RALEIGH (WTVD) -- Raleigh is commemorating civil rights icon Martin Luther King Jr. early this year.
Observances for Dr. Martin Luther King, Jr. kicked off in Raleigh on Friday with a bell ringing ceremony. The bell tolled six times, once for each decade since Dr. King's famous "I Have a Dream" speech. Many believe that speech still resonates, given the status of current events in our society today.
"The ringing of the Liberty Bell is a reminder of the price of freedom. We must understand that freedom is not free," said Chairman of the MLK Jr. Commission Clarence Henderson.
Following the bell ceremony, participants walked to the First Baptist Church on Wilmington Street. Members of the MLK Jr. Commission also walked to the church where the theme of honoring Dr. King's work continued.
There was music, prayer, and plenty of reflection on what this holiday is really about.

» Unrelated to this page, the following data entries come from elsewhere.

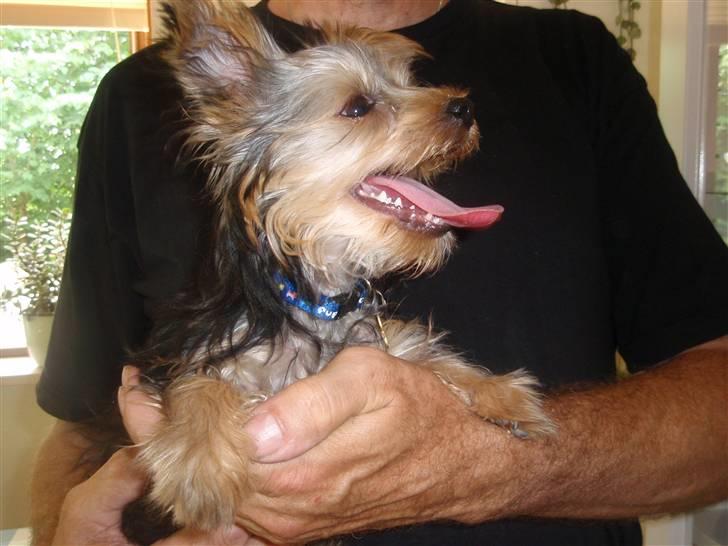 Yorkshire terrier Charlie billede 19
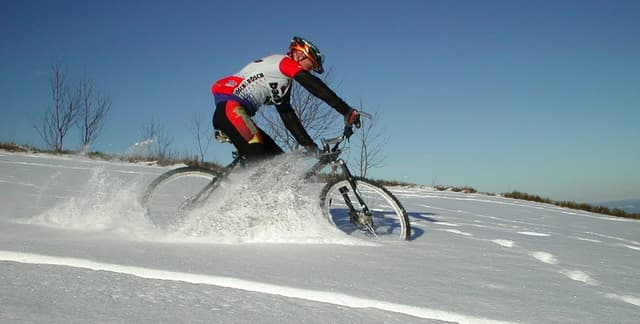 Bicicleta de montaña
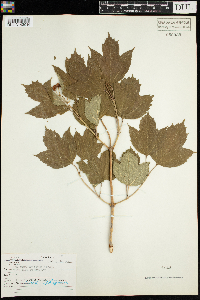 Viburnum opulus var. americanum image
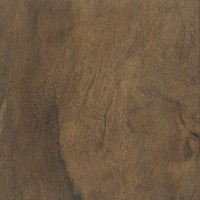 Imbuia (Ocotea porosa) Imbuia (Ocotea porosa)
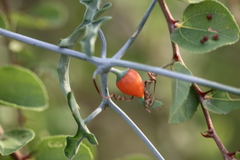 Kedrostis foetidissima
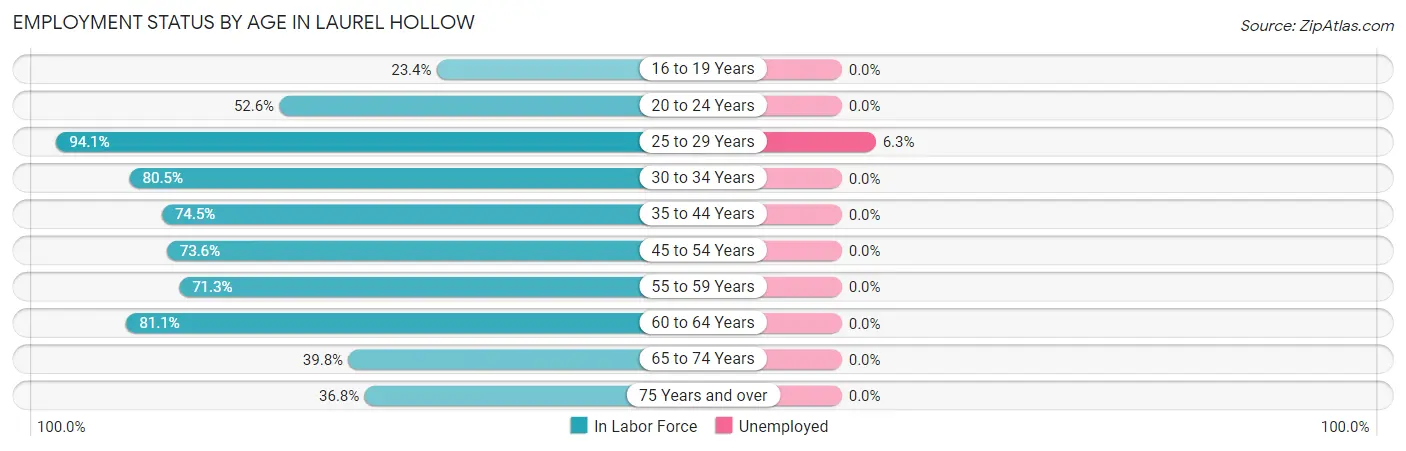 Employment Status by Age in Laurel Hollow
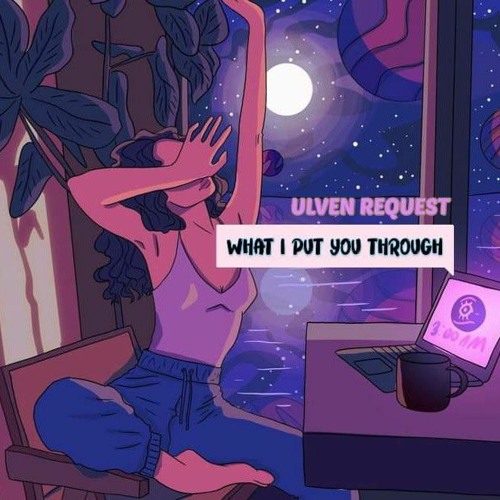 what i put you through ( stylez 678 ).mp3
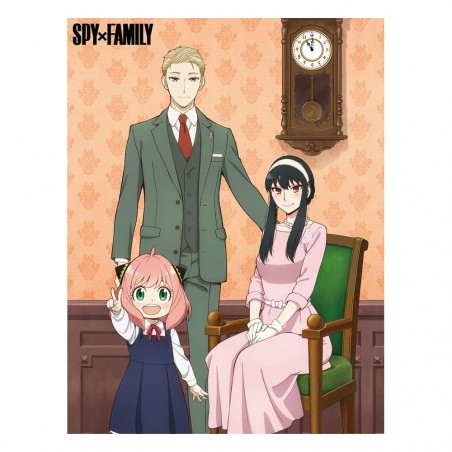 Spy x Family Decke Fälscher Family Post 117 x 152 cm 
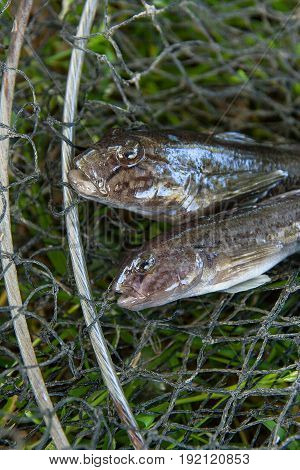 Freshwater Bullhead Fish Or Round Goby Fish Just Taken From The Water On Black Fishing Net..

"It gives us a chance to think deeply about what he really stood for the totality of his life and sacrificed and moving even beyond," said Dr. Dumas Harshaw Jr. of the First Baptist Church. "I have a drawing to many of his other writings and thoughts and sermons and strategies to really be about creative change in our nation for all human beings for all citizens."
Gov. Pat McCrory and other state leaders were in attendance Friday. They agreed that Dr. King's message and musings are still very relevant today.
Secretary for the N.C. Department of Cultural Resources, Susan Kluttz, said now is the time to live Dr. King's dream.
"As racial tensions continue around the country today, there is no more important time for us to realize that not only today but every day we must work for racial equality. It's our responsibility and it's living Dr. King's dream," Kluttz said.
As part of the celebrations honoring Dr. King, North Carolina now joins the nation in making the holiday a national day of service. As a part of Friday's services, citizens are encouraged to give back to their communities on Martin Luther King Jr. Day.
Martin Luther King Jr. Day is Monday, Jan. 19.